Adam Almqvist (born February 27, 1991) is a professional Swedish ice hockey player, who is currently under contract with EV Zug of the National League (NL). Almqvist was drafted 210th overall by the Detroit Red Wings in the 2009 NHL Entry Draft.

Playing career

Junior
In early November 2009, HV71 signed Almqvist to a three-year contract. Almqvist was the highest scoring junior player in the 2010 Elitserien playoffs, recording one goal and ten assists in 16 playoff games, to help lead HV71 to the Elitserien Championship. Almqvist's eleven postseason points lead all SEL defensemen.

Professional
On May 28, 2011, Almqvist signed a three-year entry-level contract with the Detroit Red Wings.

On March 30, 2012, Almqvist made his AHL debut in a game against the Charlotte Checkers.

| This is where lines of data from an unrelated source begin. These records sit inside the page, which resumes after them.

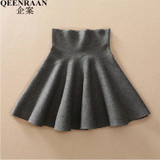 2017 Spring Autumn High Waist Knitted Skirts Women Pleated mini Skirt Casual Elastic Flared Skirt Female midi Short Skirt Woman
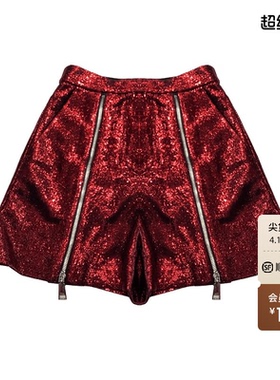 TCH烫钻个性拉链百搭时尚酒红色短裤女夏季T72B21E6005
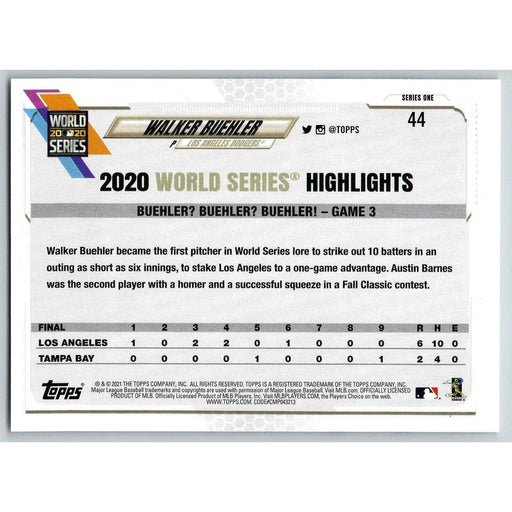 2021 Topps Baseball Complete Set Walker Buehler Los Angeles Dodgers #44 - Collectible Craze America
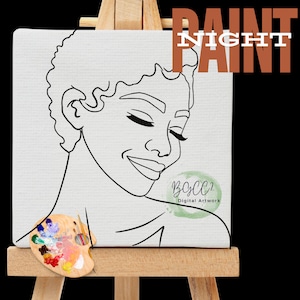 Black Girl Clipart, Canvas Printable/ Pre Drawn Outline Canvas Girls Night Out/ DIY Canvas/ Party/ Paint Kit/ PNG/ paint party/ Adults/Teens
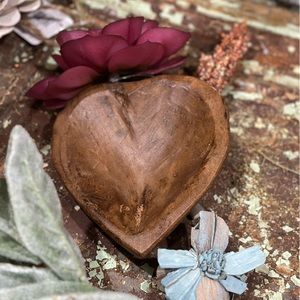 Handmade Wooden Heart Shaped Bread Bowl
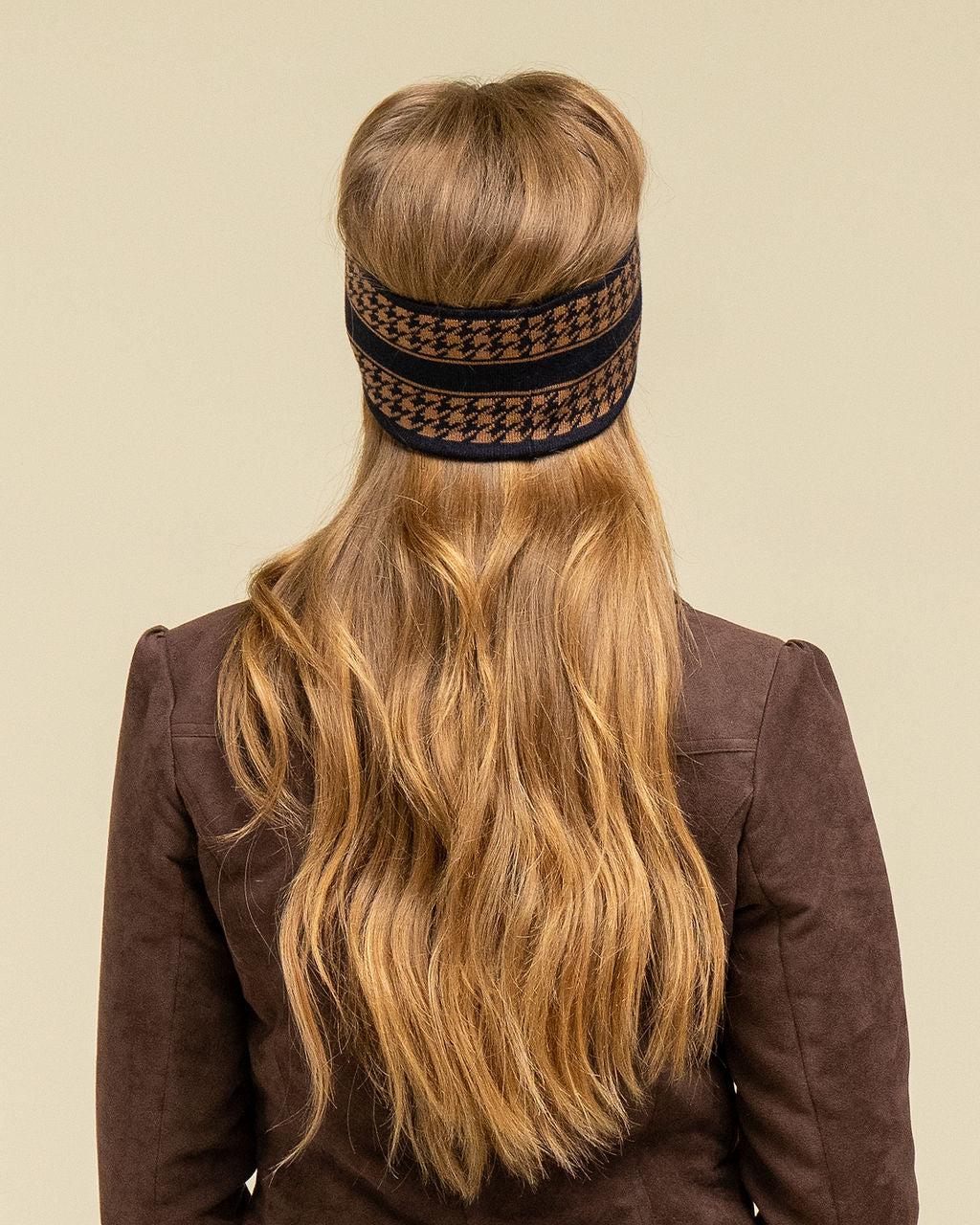 Signature Houndstooth Headband - Navy/Tan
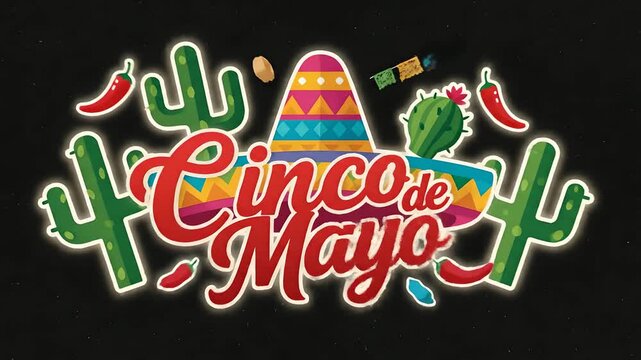 Animaci&oacute;n festiva de Cinco de Mayo con texto din&aacute;mico, sombreros, cactus y chiles en un t&uacute;nel colorido. Ideal para publicidad de eventos mexicanos, redes sociales y promociones.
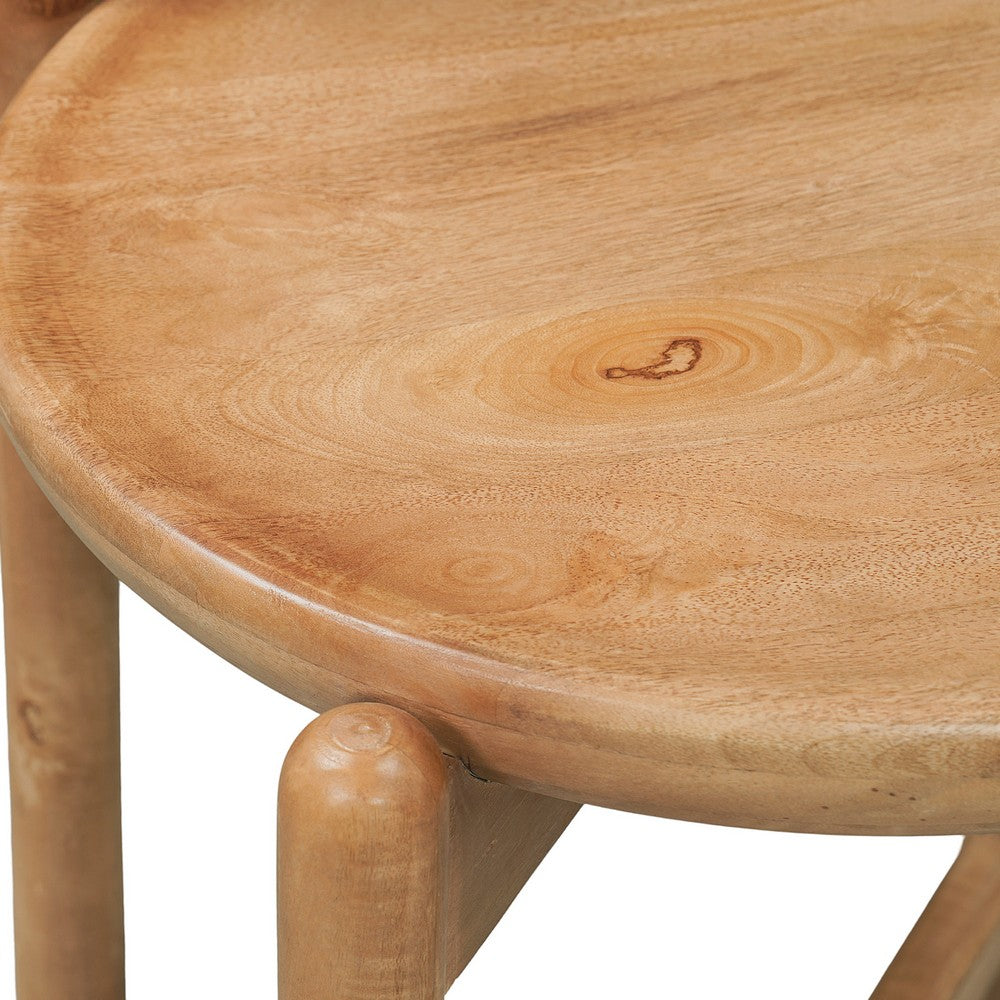 Maona Counter Stool Chair with Round Seat, Curved Open Back, Natural Brown Mango Wood - UPT-352590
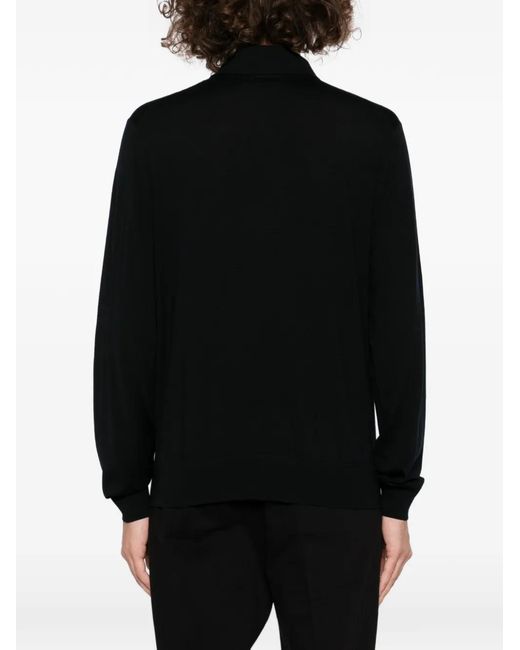 Tom Ford Black Long-Sleeve Fine-Knit Polo Shirt for men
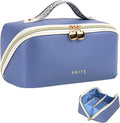 Prite Makeup Bag for Women Travel Waterproof Vegan Leather Cosmetic Bag Open Flat Toiletry Bag With Clear Divider and Handle (Blue, Medium)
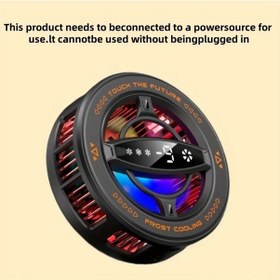 Resim Zhanglei001 Siyah Magnetic Telefon Soğutucu Hızlı Dondurma Sessiz Çalışma Mikrofonu Etkilemez Aı Akıllı Sıcaklık Kontrolü 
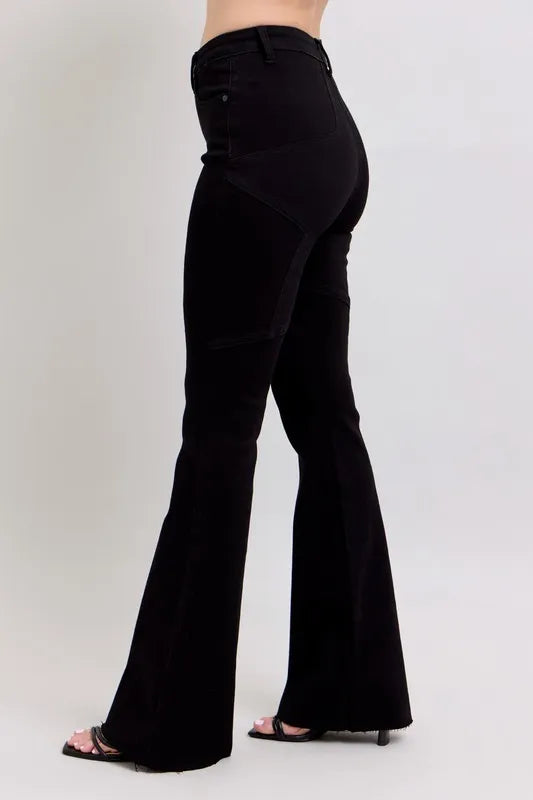 Judy Blue Full Size High Waist Star Seam Detail Flare Plus Size - Fashorio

During the 2012–13 AHL season, Almquist was the second-leading scorer amongst defensemen for the Griffins in his first pro season in North America. Almquist recorded 10 goals and 21 assists. The Griffins finished first in the Midwest Division and captured the Calder Cup championship. Almquist played in the team's first 21 playoff games before suffering an injury after crashing into the boards in Game 3 of the finals against the Syracuse Crunch. Almquist recorded 3 goals and 7 assists in the playoffs.

In November 2013, Almqvist was called up from the Grand Rapids Griffins as an injury replacement for Brendan Smith, and he made his NHL debut on November 4, in a game against the Winnipeg Jets. On November 7, in his second NHL game, Almqvist scored his first career NHL goal against Kari Lehtonen of the Dallas Stars.

At the conclusion of his entry-level contract and unable to gain a roster spot with the Red Wings, Almqvist left North America as a restricted free agent and signed a two-year contract with Severstal Cherepovets of the KHL on June 25, 2014.

After a successful two-year return to original club HV71, culminating in capturing the Le Mat trophy in the 2016–17 season, Almqvist left to sign a two-year contract with fellow SHL club, Frölunda HC on May 8, 2017.

Upon completing his contract with the Indians, Almqvist left the SHL to sign a one-year contract with Swiss club, SC Bern, of the National League on April 11, 2018. During the Final of the NL playoffs, while playing against EV Zug, Almqvist was assessed a match penalty in third period after an illegal charge against Reto Suri, resulting in a dangerous head injury on 11 April 2019. He contributed with 4 points in 13 games to help SC Bern win of the Swiss championship.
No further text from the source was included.